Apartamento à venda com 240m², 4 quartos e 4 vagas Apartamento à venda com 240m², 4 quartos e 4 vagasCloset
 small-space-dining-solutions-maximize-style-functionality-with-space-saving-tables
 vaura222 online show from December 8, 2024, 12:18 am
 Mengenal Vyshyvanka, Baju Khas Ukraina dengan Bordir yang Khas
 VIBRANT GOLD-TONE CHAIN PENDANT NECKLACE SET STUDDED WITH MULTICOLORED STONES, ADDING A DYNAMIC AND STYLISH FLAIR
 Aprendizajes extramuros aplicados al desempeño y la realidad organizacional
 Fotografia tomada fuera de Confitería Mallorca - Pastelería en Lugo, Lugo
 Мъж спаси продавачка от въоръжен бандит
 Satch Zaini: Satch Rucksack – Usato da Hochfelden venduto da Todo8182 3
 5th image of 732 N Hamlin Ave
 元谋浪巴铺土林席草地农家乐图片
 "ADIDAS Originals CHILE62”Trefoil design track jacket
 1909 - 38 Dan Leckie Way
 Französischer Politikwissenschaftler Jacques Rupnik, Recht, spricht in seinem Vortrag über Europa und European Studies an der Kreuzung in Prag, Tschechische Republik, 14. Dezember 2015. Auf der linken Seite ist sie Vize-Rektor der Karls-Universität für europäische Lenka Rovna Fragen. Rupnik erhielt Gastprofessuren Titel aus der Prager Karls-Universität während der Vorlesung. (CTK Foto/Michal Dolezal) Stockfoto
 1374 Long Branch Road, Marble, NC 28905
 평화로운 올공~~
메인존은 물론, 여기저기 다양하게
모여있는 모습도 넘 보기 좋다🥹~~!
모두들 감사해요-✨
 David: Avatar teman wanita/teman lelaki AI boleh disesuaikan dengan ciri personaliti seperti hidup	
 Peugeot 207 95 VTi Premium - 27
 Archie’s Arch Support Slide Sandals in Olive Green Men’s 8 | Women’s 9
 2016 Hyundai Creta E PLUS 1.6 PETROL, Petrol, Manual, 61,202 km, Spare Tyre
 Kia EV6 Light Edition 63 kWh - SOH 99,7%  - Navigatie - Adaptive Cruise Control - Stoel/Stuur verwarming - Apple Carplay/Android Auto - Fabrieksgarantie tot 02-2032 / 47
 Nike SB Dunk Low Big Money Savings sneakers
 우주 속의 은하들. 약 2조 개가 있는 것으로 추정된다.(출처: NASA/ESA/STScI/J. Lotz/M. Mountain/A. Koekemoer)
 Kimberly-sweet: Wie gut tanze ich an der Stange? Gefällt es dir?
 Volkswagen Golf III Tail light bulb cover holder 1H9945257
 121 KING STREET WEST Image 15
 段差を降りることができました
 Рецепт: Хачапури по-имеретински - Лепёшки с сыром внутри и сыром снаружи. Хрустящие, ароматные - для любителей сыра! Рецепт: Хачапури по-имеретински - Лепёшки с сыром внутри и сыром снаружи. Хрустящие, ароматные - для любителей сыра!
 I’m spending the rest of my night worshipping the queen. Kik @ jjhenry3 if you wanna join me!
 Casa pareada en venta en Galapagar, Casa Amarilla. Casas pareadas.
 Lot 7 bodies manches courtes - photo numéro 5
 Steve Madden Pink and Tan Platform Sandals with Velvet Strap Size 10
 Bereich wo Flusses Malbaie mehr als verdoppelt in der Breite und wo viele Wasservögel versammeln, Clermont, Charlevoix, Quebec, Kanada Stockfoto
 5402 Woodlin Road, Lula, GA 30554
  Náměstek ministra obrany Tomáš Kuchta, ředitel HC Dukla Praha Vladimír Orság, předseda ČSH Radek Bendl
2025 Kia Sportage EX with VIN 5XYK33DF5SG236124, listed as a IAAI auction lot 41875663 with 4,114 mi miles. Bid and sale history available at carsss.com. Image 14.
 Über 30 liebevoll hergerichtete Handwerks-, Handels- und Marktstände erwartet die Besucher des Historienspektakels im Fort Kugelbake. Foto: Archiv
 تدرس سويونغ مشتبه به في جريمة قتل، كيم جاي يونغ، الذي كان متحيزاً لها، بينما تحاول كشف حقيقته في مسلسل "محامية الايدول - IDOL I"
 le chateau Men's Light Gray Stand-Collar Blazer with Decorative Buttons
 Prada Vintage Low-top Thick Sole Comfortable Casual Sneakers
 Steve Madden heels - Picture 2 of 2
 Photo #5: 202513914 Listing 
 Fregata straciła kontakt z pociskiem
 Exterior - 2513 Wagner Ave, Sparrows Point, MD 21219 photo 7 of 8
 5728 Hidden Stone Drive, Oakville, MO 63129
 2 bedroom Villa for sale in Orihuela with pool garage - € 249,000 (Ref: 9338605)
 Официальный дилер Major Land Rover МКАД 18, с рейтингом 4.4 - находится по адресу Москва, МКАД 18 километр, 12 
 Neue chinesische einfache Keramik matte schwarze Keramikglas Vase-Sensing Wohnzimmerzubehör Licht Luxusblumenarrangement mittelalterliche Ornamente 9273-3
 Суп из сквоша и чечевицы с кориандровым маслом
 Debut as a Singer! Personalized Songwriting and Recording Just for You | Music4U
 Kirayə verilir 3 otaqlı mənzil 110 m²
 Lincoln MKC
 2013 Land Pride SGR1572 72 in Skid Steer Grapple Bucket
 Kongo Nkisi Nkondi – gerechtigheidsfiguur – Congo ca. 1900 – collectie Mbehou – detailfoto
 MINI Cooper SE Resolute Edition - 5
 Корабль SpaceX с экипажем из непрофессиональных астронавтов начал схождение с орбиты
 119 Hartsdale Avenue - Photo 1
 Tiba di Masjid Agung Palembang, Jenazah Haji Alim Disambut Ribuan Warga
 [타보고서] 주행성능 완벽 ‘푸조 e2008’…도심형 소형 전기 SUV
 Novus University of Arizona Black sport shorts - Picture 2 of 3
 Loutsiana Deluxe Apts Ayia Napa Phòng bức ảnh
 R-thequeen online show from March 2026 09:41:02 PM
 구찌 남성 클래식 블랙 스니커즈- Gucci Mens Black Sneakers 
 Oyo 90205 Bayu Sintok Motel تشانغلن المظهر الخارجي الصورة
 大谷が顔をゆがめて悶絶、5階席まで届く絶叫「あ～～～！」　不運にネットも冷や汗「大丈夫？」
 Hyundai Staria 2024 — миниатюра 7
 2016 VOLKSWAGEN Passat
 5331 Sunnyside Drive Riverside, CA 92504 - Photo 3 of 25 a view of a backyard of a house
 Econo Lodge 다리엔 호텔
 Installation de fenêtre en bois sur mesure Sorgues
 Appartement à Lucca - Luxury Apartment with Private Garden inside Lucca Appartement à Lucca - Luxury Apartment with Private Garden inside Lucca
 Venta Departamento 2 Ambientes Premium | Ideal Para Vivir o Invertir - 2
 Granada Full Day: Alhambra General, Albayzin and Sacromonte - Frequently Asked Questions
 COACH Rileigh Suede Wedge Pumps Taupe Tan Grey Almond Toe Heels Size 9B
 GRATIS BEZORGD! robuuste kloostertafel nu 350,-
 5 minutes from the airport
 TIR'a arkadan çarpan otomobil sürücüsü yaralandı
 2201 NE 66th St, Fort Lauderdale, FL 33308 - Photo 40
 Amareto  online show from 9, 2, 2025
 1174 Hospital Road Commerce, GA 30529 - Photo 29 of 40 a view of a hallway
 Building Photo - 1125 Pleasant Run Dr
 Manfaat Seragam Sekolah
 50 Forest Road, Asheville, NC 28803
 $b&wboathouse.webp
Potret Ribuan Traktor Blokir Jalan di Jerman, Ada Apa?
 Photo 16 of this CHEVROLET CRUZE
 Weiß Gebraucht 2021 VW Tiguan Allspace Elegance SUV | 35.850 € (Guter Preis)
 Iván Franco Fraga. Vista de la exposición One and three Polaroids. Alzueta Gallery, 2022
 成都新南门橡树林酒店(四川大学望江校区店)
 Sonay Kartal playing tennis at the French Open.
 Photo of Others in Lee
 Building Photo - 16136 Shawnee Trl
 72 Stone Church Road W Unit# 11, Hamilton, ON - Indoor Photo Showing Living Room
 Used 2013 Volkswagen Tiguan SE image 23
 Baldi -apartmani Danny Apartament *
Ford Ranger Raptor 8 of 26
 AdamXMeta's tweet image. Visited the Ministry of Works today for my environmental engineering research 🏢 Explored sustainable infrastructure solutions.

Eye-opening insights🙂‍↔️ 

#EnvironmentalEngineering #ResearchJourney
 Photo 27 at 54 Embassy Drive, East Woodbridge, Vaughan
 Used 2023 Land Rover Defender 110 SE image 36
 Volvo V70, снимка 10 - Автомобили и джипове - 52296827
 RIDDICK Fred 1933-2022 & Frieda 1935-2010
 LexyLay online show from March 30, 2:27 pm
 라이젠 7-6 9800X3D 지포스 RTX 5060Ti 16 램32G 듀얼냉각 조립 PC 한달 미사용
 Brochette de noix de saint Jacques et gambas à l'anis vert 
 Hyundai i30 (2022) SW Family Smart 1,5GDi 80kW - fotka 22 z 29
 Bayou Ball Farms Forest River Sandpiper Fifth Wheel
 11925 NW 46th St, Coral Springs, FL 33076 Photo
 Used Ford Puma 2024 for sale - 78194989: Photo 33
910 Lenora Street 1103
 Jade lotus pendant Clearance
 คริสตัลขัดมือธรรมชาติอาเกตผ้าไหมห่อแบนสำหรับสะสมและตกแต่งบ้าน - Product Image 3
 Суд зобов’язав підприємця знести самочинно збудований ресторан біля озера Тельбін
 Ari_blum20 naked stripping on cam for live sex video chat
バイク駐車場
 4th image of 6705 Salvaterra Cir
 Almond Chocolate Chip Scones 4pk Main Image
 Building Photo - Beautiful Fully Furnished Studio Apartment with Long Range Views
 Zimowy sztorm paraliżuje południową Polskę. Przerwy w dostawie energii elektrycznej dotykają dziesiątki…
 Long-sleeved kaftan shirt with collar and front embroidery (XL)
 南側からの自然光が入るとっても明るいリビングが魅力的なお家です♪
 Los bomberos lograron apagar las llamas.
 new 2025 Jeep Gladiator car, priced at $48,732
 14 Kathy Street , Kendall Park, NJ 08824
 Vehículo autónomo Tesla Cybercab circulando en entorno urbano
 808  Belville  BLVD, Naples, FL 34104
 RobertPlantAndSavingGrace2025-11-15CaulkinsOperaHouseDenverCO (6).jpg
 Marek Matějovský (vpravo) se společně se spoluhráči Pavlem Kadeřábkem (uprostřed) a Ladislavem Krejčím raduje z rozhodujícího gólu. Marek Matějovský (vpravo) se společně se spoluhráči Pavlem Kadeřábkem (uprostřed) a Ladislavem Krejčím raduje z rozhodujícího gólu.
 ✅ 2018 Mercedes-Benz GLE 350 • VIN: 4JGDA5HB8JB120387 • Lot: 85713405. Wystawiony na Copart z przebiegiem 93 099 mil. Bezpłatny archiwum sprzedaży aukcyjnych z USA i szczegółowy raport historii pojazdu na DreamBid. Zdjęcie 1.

§ TASK TO COMPLETE: Your answer must be a single number: how many lines of the records contain the word "Hyundai".

§ ANSWER SECTION: 3